Birincisi Ziya Polat’ın Kars’a vali olarak atanması, ikincisi Yozgat’a uzunca yıldır ilk defa valilik görevini icra eden bir ismin vali olarak atanması.
Yaklaşık 20 yıldır hemen her vali ile tanışma, görüşme veya başkanlıklarındaki toplantılara katılma imkanım oldu. Kendilerini ve çalışmalarını da yakından takip ettim.
Özellikle Amir Çiçek’le başlayan süreçte her vali ile yok bu cümleyi düzeltmem lazım Abdulkadir Yazıcı hariç her vali ile birebir görüşme, Yozgat’ı konuşma fırsatımız da oldu.
Bu süreçte Necati Şentürk valilik tecrübesi ve zekası, Kemal Yurtnaç tecrübesi, zekası ve proje kafası ile beni heyecanlandıran ve son 20 yıldaki valilerin tamamından ayrılan isimler olmuşlardır.
Ancak Necati bey idarei maslahatı seçmiş Yozgat’ta görev yaptığı süre içerisinde bürokrasinin sorunsuz çalışmasını temin etmiş ve kafa rahat bir dönem geçirmiştir.
Kemal Bey ise tüm halef ve seleflerinden öteye Yozgat’ı karış karış gezmiş, ilin potansiyellerine dair çalışmalar yapmış, şehrin dinamiklerini bu şehir adına artı değere dönüştürecek çalışmalar içerisine girmiştir.

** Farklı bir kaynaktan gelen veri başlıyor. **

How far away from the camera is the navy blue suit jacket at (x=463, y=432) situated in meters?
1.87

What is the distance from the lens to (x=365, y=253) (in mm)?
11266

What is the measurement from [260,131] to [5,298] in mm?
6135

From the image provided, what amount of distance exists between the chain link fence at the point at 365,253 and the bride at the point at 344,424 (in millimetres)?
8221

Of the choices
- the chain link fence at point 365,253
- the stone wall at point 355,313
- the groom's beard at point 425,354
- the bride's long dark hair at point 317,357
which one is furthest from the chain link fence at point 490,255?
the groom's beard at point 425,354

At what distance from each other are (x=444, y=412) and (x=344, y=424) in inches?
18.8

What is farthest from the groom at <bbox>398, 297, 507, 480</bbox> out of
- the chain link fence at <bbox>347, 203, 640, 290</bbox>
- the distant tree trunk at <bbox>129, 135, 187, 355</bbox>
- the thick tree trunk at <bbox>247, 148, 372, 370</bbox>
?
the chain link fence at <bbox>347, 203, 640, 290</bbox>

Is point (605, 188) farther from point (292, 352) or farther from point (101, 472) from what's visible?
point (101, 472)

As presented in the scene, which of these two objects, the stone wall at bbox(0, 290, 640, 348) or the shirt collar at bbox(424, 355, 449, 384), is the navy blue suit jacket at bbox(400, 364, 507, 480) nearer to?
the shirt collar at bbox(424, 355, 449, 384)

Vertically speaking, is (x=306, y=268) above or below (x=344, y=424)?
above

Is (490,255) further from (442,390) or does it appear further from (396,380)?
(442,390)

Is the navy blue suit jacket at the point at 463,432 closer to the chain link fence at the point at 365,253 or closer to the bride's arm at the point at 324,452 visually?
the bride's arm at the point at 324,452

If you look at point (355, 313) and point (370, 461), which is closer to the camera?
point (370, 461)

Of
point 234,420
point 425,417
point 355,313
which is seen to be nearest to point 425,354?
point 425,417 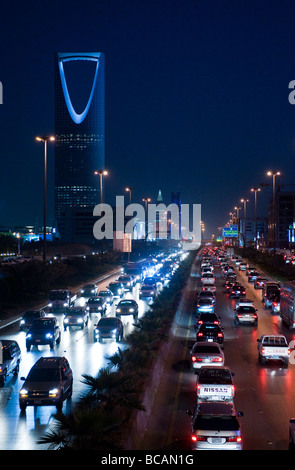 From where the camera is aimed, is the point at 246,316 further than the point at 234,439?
Yes

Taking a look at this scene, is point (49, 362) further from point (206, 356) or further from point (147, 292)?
point (147, 292)

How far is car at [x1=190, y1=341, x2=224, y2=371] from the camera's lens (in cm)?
2433

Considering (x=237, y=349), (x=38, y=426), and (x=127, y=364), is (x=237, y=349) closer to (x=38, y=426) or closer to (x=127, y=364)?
(x=127, y=364)

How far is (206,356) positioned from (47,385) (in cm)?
792

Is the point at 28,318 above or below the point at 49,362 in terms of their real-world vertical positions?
below

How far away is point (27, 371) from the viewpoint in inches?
967

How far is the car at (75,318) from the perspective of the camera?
124 ft

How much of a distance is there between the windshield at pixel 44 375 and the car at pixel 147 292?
35185 mm

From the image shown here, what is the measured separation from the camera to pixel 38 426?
16.6 meters

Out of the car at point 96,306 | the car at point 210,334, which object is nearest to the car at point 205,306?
the car at point 96,306

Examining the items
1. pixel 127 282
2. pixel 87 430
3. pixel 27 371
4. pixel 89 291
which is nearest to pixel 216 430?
pixel 87 430

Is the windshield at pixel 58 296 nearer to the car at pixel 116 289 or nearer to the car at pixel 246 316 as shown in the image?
the car at pixel 116 289

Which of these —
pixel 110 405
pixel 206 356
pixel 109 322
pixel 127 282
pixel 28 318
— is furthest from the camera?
pixel 127 282
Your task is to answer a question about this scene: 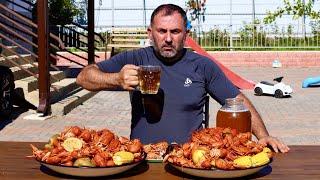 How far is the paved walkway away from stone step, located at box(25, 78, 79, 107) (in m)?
0.37

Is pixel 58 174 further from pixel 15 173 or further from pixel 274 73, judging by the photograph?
pixel 274 73

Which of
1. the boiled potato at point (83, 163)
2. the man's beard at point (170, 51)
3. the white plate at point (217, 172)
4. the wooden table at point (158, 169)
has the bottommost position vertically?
the wooden table at point (158, 169)

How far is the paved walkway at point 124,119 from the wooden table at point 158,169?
4750 mm

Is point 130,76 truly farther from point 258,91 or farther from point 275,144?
point 258,91

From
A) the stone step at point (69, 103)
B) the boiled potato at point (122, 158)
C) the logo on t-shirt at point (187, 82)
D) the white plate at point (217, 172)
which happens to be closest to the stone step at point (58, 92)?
the stone step at point (69, 103)

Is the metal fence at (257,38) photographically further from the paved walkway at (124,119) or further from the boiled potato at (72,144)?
the boiled potato at (72,144)

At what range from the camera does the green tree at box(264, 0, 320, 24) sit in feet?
78.6

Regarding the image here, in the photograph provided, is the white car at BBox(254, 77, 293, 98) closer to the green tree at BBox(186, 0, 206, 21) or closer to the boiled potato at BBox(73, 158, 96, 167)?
the boiled potato at BBox(73, 158, 96, 167)

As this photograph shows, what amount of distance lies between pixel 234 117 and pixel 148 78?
0.44 meters

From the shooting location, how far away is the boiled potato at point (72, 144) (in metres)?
2.46

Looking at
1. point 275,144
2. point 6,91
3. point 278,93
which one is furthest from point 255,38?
point 275,144

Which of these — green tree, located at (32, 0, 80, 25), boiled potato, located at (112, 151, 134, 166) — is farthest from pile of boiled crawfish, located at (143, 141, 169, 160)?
green tree, located at (32, 0, 80, 25)

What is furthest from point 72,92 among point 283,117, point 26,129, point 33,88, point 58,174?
point 58,174

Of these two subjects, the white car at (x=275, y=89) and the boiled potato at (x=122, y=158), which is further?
the white car at (x=275, y=89) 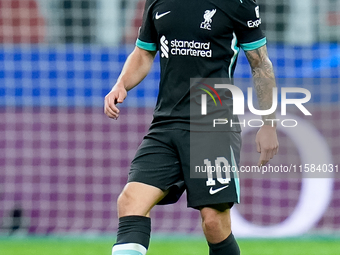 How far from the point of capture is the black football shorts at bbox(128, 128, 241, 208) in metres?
3.08

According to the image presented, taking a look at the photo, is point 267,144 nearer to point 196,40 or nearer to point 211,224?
point 211,224

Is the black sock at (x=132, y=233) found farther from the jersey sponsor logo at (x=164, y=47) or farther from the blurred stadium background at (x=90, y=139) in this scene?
the blurred stadium background at (x=90, y=139)

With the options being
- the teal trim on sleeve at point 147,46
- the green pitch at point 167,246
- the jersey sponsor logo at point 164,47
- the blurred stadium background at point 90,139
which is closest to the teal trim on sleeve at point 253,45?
the jersey sponsor logo at point 164,47

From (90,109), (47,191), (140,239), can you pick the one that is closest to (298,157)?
(90,109)

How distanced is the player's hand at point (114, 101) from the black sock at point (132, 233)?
50 cm

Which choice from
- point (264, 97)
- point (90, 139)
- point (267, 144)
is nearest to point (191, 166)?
point (267, 144)

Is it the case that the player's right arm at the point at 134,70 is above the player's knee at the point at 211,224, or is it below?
above

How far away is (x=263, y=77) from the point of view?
327 centimetres

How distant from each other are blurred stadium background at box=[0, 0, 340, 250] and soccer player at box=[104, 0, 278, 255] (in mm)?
3363

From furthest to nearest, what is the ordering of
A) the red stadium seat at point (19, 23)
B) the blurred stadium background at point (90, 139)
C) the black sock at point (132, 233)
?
the red stadium seat at point (19, 23) → the blurred stadium background at point (90, 139) → the black sock at point (132, 233)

Ancak göreve başladıktan kısa süre sonra gerçekleşen “darbe girişimi” yapabileceklerine çok büyük bir ket vurmuştur. Yozgat için iyi ve güzel şeyler üretebilecek ve bu yönde ciddi çalışmalar yapan Yurtnaç FETÖ soruşturmaları ve FETÖ’den boşalan yerlere hücum eden iktidar yanlısı cemaat, tarikat, vakıf, dernek, cemiyetlerin tazyiki altında kalmıştır. Kendilerinin görevden alınmalarında da bu yapıların etkinliği vardır.
Sözün kısası, Yurtnaç olağan şartlar altında Yozgat valiliği görevini ifa etmiş olsaydı, Kabalı’ya hasada gidipte “kapalı kapılar ardında” Kabalı’yı karalayan valilerle zaman tüketmeyecektik.

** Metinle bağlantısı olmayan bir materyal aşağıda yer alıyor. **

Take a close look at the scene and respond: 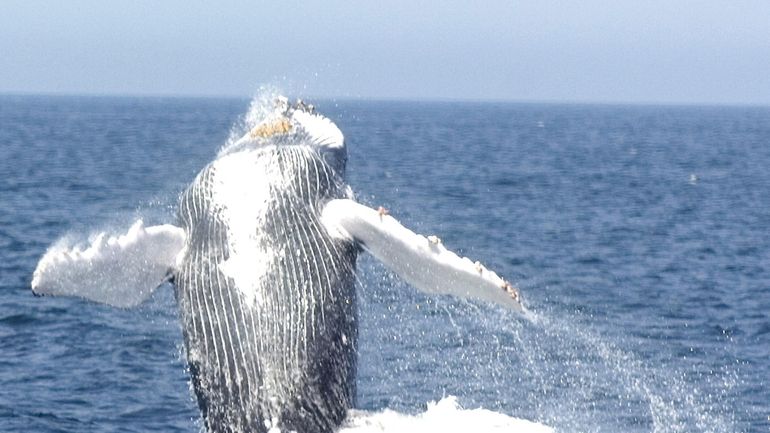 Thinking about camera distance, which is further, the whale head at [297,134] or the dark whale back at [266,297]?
the whale head at [297,134]

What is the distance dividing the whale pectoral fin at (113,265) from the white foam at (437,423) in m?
1.57

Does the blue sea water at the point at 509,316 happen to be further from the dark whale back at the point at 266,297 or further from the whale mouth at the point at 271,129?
the whale mouth at the point at 271,129

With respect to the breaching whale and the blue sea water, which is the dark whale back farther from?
the blue sea water

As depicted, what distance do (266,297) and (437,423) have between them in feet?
4.17

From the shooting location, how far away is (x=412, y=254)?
8.41m

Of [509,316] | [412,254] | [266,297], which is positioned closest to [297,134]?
[412,254]

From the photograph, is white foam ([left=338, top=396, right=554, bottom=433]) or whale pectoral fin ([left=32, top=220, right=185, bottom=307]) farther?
whale pectoral fin ([left=32, top=220, right=185, bottom=307])

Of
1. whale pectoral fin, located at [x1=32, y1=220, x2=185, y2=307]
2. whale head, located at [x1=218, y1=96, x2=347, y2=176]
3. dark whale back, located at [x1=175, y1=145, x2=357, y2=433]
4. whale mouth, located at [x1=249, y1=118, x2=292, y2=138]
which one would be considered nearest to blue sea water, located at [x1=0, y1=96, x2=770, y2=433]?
whale pectoral fin, located at [x1=32, y1=220, x2=185, y2=307]

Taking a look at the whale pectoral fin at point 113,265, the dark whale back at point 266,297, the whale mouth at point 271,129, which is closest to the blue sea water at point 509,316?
the whale pectoral fin at point 113,265

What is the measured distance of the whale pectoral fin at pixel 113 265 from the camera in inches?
336

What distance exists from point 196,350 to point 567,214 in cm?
3809

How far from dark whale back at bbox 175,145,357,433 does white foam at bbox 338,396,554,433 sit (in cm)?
12

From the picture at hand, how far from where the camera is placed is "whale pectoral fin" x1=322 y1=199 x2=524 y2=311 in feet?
26.8

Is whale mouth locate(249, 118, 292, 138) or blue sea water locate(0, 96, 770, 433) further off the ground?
whale mouth locate(249, 118, 292, 138)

Ziya Polat’a gelince; kötü bir valilik dönemi geçirmişlerdir Yozgat adına. Valilikte tecrübe kazanmış, siyaset, bürokrasi ve bakanlıklarda dost sayısını artırmışlardır. Yozgat’ta geçen 3 yıllık süreçteki bu dostluk ilişkileri Kars valiliği ile ödüllendirilmesini sağlamıştır.
Kendisi ile 3 kez yüz yüze, bir kez telefonda görüşmüş, Yozgat’ı, sorunlarını ve çözüm önerilerini konuşmuş kişi olarak, şunu açık ve net söyleyebilirim, 15 Temmuz sonrası girilen “devletin partileşme” sürecinde Ziya Polat bey Yozgat kaygısı taşımayan, Yozgat’ın gerçek sorunlarına ve çözümlerine eğilmeyen, bu konuda ciddi çalışmalar yapmayan, popüler gündemin peşinde basında bolca yer alan, bir vali profili ile veda etmektedir.

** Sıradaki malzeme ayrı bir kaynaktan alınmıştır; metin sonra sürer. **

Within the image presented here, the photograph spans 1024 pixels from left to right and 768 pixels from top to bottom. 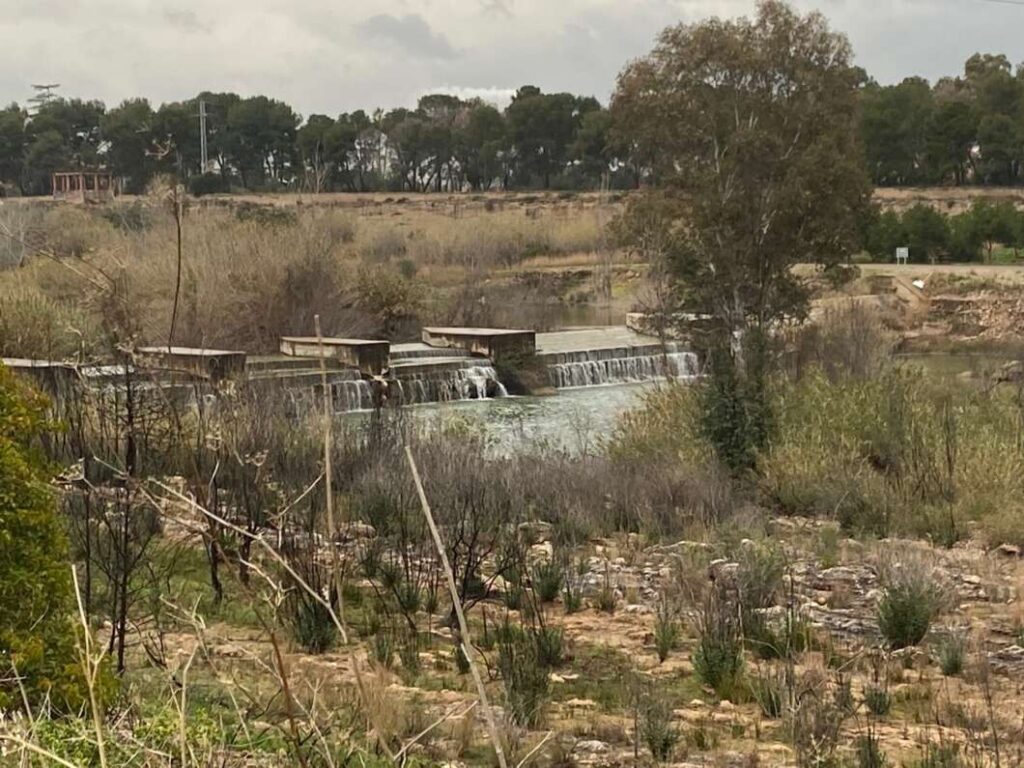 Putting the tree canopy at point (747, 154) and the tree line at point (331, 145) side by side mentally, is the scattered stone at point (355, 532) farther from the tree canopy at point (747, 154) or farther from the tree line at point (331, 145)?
the tree line at point (331, 145)

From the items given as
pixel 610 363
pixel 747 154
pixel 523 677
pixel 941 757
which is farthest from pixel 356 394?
pixel 941 757

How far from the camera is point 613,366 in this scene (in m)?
25.0

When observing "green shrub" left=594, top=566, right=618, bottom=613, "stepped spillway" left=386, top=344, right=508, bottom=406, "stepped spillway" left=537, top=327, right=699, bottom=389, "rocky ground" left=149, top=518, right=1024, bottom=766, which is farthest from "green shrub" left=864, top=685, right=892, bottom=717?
"stepped spillway" left=537, top=327, right=699, bottom=389

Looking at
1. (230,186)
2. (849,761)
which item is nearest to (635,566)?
(849,761)

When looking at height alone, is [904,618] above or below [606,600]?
above

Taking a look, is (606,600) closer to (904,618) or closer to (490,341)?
(904,618)

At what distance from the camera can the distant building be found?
53.0m

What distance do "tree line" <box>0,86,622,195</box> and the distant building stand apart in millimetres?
2551

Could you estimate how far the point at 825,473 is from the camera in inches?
507

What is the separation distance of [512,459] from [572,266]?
32.2 meters

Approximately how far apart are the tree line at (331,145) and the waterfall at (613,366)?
3971 centimetres

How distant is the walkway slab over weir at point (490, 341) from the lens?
2442 centimetres

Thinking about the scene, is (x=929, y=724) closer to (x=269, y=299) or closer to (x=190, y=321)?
(x=190, y=321)

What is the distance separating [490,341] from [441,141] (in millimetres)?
50357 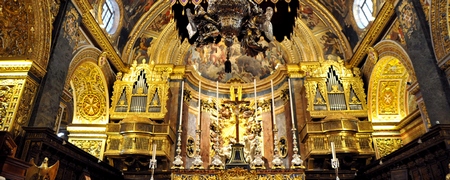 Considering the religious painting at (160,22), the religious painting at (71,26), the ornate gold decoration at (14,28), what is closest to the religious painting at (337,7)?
the religious painting at (160,22)

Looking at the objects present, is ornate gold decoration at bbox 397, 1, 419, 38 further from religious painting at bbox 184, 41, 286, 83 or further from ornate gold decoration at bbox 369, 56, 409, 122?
religious painting at bbox 184, 41, 286, 83

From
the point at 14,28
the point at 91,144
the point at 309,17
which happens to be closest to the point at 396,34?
the point at 309,17

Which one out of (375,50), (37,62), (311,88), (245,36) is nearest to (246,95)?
(311,88)

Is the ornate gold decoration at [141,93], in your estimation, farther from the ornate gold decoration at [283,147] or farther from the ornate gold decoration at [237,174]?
the ornate gold decoration at [283,147]

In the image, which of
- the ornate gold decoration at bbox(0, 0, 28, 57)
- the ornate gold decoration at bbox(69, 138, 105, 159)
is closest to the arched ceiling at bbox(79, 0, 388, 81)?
the ornate gold decoration at bbox(69, 138, 105, 159)

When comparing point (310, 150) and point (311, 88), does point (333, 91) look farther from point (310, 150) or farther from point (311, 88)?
point (310, 150)

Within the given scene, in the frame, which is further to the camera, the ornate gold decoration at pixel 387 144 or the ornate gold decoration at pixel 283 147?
the ornate gold decoration at pixel 283 147

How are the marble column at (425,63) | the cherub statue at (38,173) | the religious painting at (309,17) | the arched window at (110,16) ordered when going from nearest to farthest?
the cherub statue at (38,173)
the marble column at (425,63)
the arched window at (110,16)
the religious painting at (309,17)

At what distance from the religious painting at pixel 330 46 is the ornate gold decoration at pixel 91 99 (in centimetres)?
986

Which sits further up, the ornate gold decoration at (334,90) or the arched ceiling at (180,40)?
the arched ceiling at (180,40)

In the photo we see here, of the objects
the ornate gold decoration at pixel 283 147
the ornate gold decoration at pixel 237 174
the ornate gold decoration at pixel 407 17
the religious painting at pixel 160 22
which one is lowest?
the ornate gold decoration at pixel 237 174

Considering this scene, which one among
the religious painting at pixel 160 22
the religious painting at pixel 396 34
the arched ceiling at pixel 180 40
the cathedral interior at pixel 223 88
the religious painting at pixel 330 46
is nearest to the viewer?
the cathedral interior at pixel 223 88

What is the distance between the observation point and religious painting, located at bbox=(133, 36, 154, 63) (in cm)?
1562

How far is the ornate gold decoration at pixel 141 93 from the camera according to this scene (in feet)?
44.8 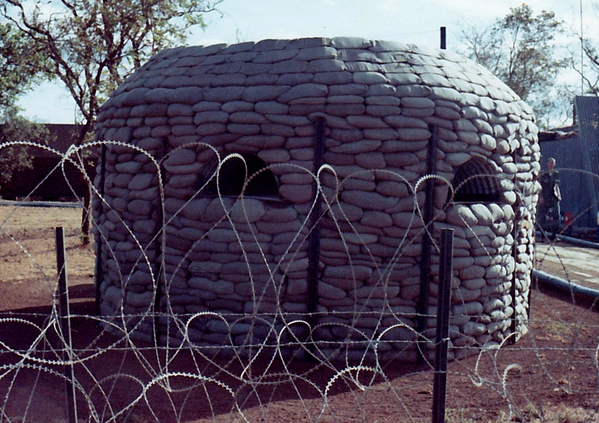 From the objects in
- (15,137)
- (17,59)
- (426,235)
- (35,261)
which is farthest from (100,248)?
(15,137)

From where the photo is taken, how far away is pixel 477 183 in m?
7.28

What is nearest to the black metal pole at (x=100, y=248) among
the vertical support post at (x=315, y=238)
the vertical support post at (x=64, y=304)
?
the vertical support post at (x=315, y=238)

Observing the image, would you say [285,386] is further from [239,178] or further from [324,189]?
[239,178]

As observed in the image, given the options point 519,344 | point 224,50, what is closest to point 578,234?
point 519,344

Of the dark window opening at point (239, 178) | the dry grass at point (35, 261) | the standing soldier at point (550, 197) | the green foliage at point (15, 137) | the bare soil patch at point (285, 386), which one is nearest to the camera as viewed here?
the bare soil patch at point (285, 386)

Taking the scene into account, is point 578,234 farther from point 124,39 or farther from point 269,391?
point 269,391

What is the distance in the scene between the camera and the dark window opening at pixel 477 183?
6.72 m

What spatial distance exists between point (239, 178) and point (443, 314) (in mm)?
4130

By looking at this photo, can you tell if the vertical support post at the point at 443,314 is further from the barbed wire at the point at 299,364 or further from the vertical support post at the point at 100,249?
the vertical support post at the point at 100,249

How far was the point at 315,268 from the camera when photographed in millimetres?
6039

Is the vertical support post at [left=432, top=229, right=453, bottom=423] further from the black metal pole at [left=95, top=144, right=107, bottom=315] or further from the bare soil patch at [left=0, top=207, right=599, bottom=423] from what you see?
the black metal pole at [left=95, top=144, right=107, bottom=315]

2021 sonbaharında Şefaatli’deki yatırımcıyla tevafuken benim de bulunduğum ortamda yaptığı görüşmede işini büyütmek, Yozgat’ta üretilecek ürünlerin miktarını artırıp daha fazla istihdam yaratmak isteyen yatırımcıya “senin paran çok, sen kiralarsın da alırsın da, devletin desteğini boş ver” cümlesi; bu şehre bakışının ve valilik yapacağı Kars için de nasıl bir gayretle çalışacağının ön izlemesidir.
Ancak şu da bir gerçektir ki, bürokratı ve siyaseti çalıştıran; şehrin birlik içerisinde, aynı kaygı ile hareket eden, ciddi organizasyonlara sahip olması ve bu yapıların çalışması ile mümkündür. Bakınız Kayseri, bakınız Konya…
Yozgat kendi içerisinde bu kadar parçalı ve kavgacı, STK’lar yetkin ve etkin olmaktan uzakken ve siyaset kurumu Yozgatlı için bir kaygı sahibi değilken, valinin bu kaygıyı çekmek ve Yozgatlı elini taşın altına koymazken, bürokratın bu riski almasını beklemek hayal olur.
Bu açıdan bakınca da daha iyi bir ile vali olmak için çalışmak varken neden fincancı katırlarını ürkütsünler ki… Neticede siyaset memnun, STK’lar memnun, bürokrat memnun… Herkes alacağını almışken, Yozgat ve Yozgatlı kaybetmiş çok mu önemli….
Son söz, yeni valimizin valilik görevinden geliyor olmasına da fazlaca anlam yüklemeyelim. Devletin işlerliği değişmiş ve Yozgat üst paragraftaki gerçekliklerle yaşarken; yeni bir hayal kırıklığına hiç ihtiyacımız yok.